A cone and a cylinder have equal heights. The ratio of the radii of their bases (cone : cylinder) is 2 : 1. What is the ratio of the volume of the cone to the volume of the cylinder?

Introduction / Context:
This problem tests your understanding of the volumes of a right circular cone and a right circular cylinder when their heights are equal. Both solids are fundamental three dimensional shapes in mensuration. Many aptitude questions compare their volumes when certain dimensions are related through simple ratios. Knowing the volume formulas and being able to substitute ratios instead of actual numbers allows you to solve such problems quickly and without complex calculations.

Given Data / Assumptions:
• There is a right circular cone and a right circular cylinder.
• The heights of the cone and the cylinder are equal; let this common height be h units.
• The ratio of their radii (cone : cylinder) is 2 : 1. Let the radius of the cone be 2r and the radius of the cylinder be r.
• We are asked to find the ratio of the volume of the cone to the volume of the cylinder.

Concept / Approach:
Recall the standard volume formulas:
• Volume of a cylinder: V_cylinder = π * r^2 * h.
• Volume of a cone: V_cone = (1 / 3) * π * R^2 * h, where R is the radius of the cone and h is the height. Since both solids have the same height and radii in ratio 2 : 1, we can express the radii using a common variable r and then compute the ratio of volumes symbolically. This approach keeps the calculations simple and independent of specific numerical heights or radii.

Step-by-Step Solution:
Step 1: Let the radius of the cylinder be r and its height be h. Step 2: Given that the radii are in the ratio 2 : 1 (cone : cylinder), the radius of the cone is 2r. Step 3: Write the volume of the cone: V_cone = (1 / 3) * π * (2r)^2 * h = (1 / 3) * π * 4r^2 * h = (4 / 3) * π * r^2 * h. Step 4: Write the volume of the cylinder: V_cylinder = π * r^2 * h. Step 5: Form the ratio V_cone : V_cylinder = (4 / 3) * π * r^2 * h : π * r^2 * h. Step 6: Cancel the common factors π, r^2 and h to get V_cone : V_cylinder = 4 / 3 : 1 = 4 : 3.

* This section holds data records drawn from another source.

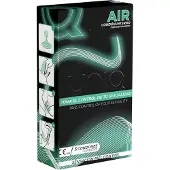Uniq Air - dames condoom - ultra dun - 3 stuks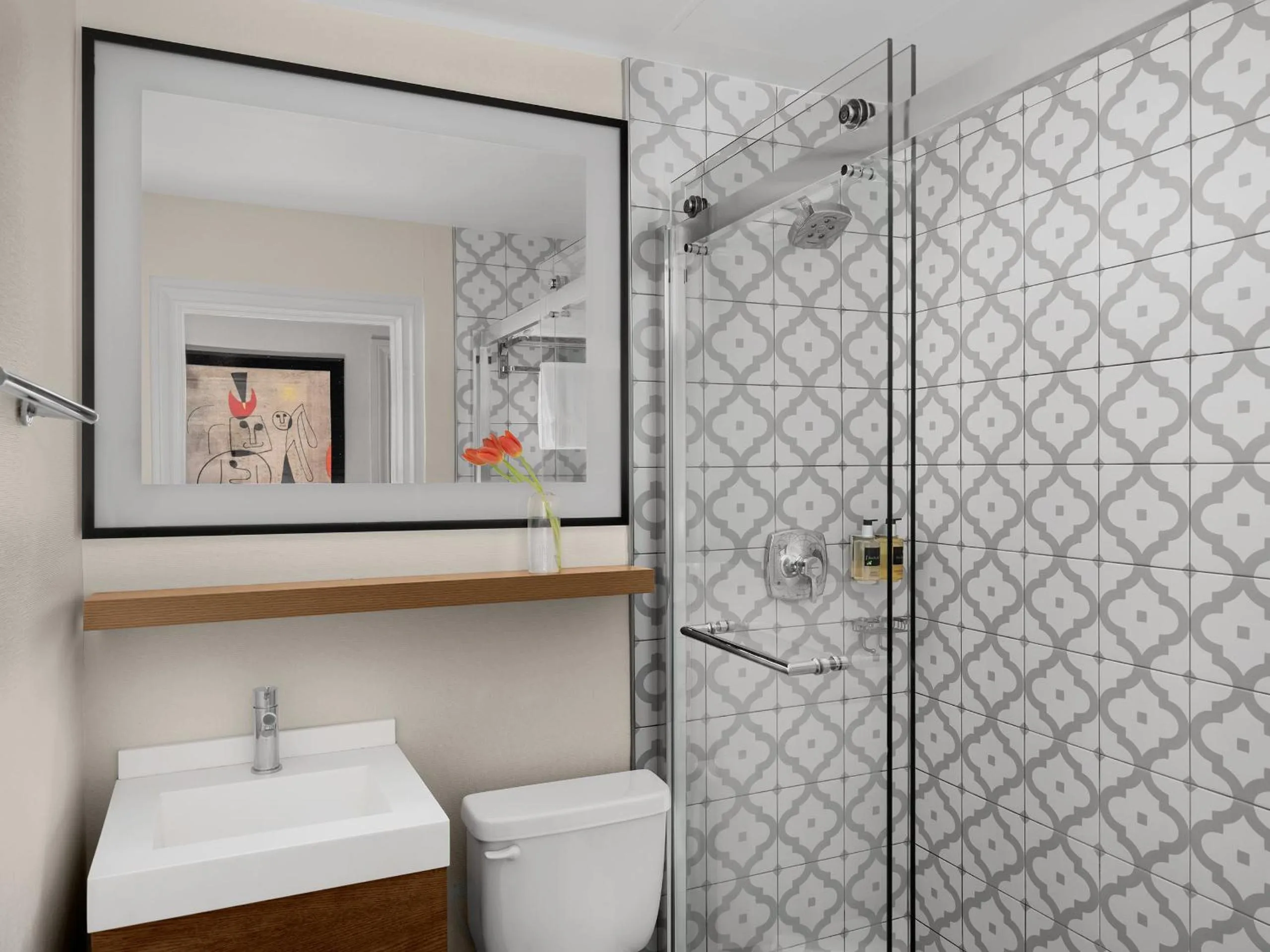 Bathroom in Hotel Spero, Vignette Collection by IHG
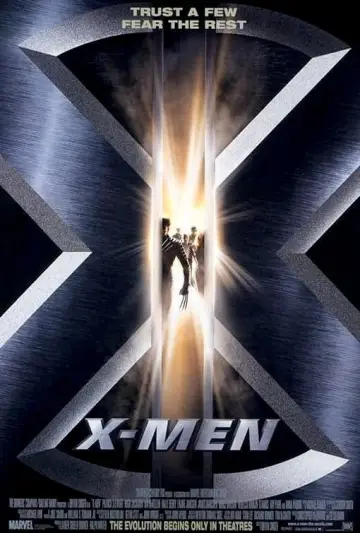Plakat do filmu "X-Men" #686848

Verification / Alternative check:
You can choose simple numerical values to verify. For example, let r = 1 unit and h = 3 units. Then the cylinder's volume is π * 1^2 * 3 = 3π. The cone's radius is 2 units, so its volume is (1 / 3) * π * 2^2 * 3 = (1 / 3) * π * 4 * 3 = 4π. The ratio V_cone : V_cylinder is 4π : 3π, which simplifies to 4 : 3, matching our algebraic result. This confirms that the ratio does not depend on the specific numerical values of r and h as long as the given conditions are met.

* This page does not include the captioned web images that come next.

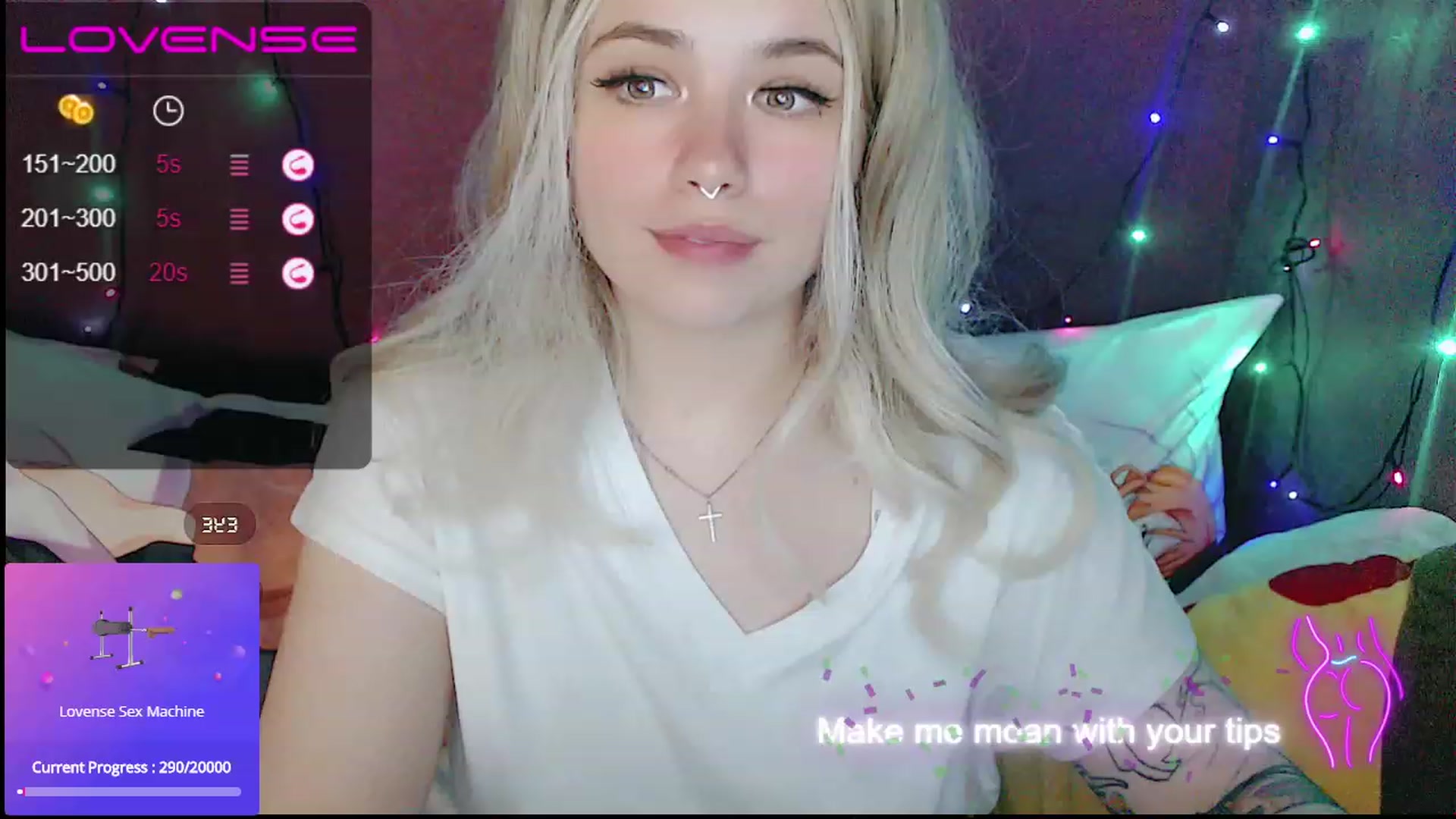 Gallery image thumbnail from SweetyTity's myfreecams stream on, 06/02/2023, 14:34 image 2 of 20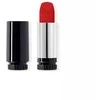 Lūpų dažai Dior Rouge Couture Colour N:999 Velvet, 30 ml (Papildymas)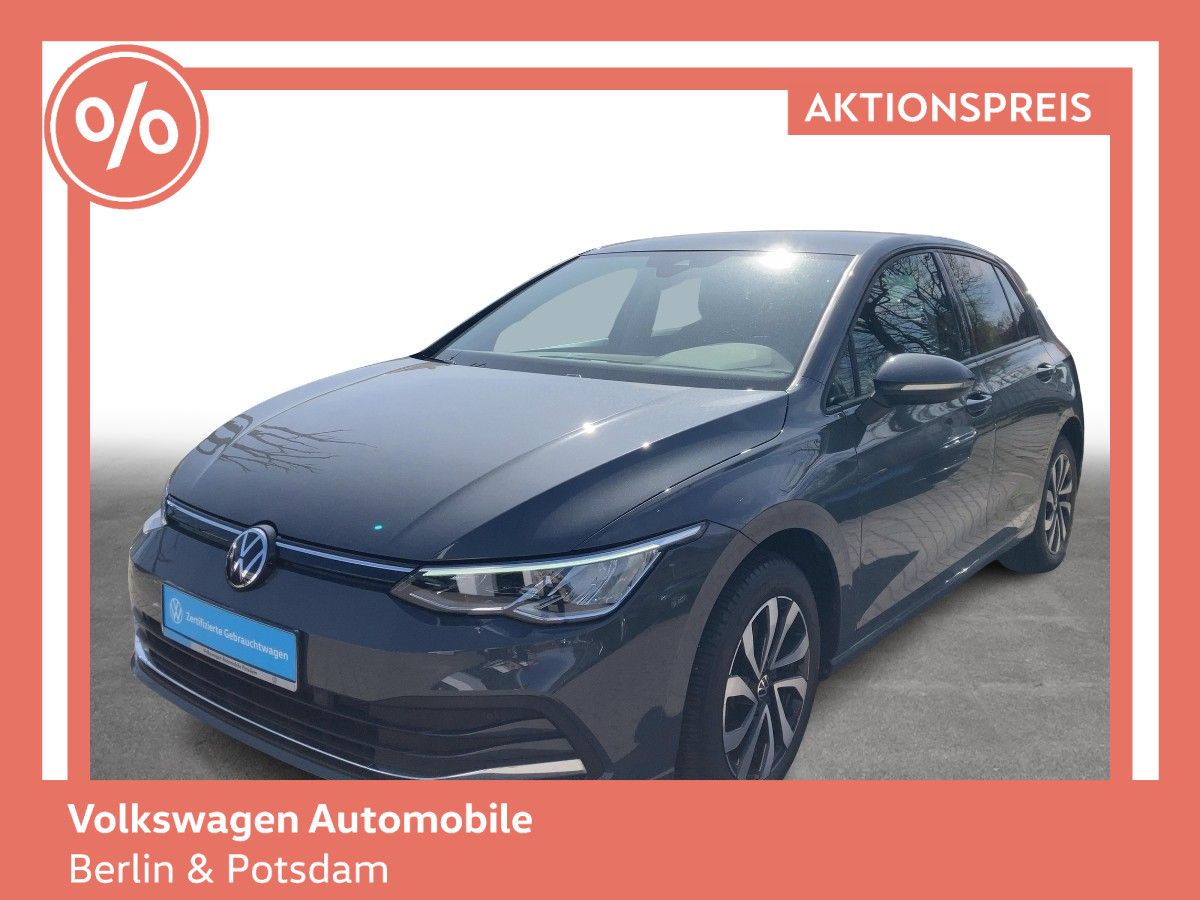 Volkswagen Golf VIII 2.0 TDI Active DSG Navi LED AZV PDC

Why Other Options Are Wrong:
A ratio of 3 : 4 would imply that the cone has smaller volume than the cylinder, which is not true when the cone's radius is larger and only the height is scaled in the same way. Ratios of 2 : 1 or 1 : 2 ignore the factor 1 / 3 present in the cone volume formula and the squaring of the radius, leading to incorrect comparisons. Only 4 : 3 correctly accounts for both the squared radius ratio and the 1 / 3 factor in the cone volume formula.

Common Pitfalls:
A common mistake is to forget the 1 / 3 factor in the cone volume formula and to write V_cone = π * R^2 * h instead of (1 / 3) * π * R^2 * h. Another error is to treat the radii linearly without squaring them, which would give a wrong ratio. Always remember that in volume formulas for solids of revolution, the radius usually appears squared (as in π * r^2), so ratio comparisons must square the scale factor for radii. Checking the formula carefully before substituting ratios helps avoid these errors.

Final Answer:
The ratio of the volume of the cone to the volume of the cylinder is 4:3.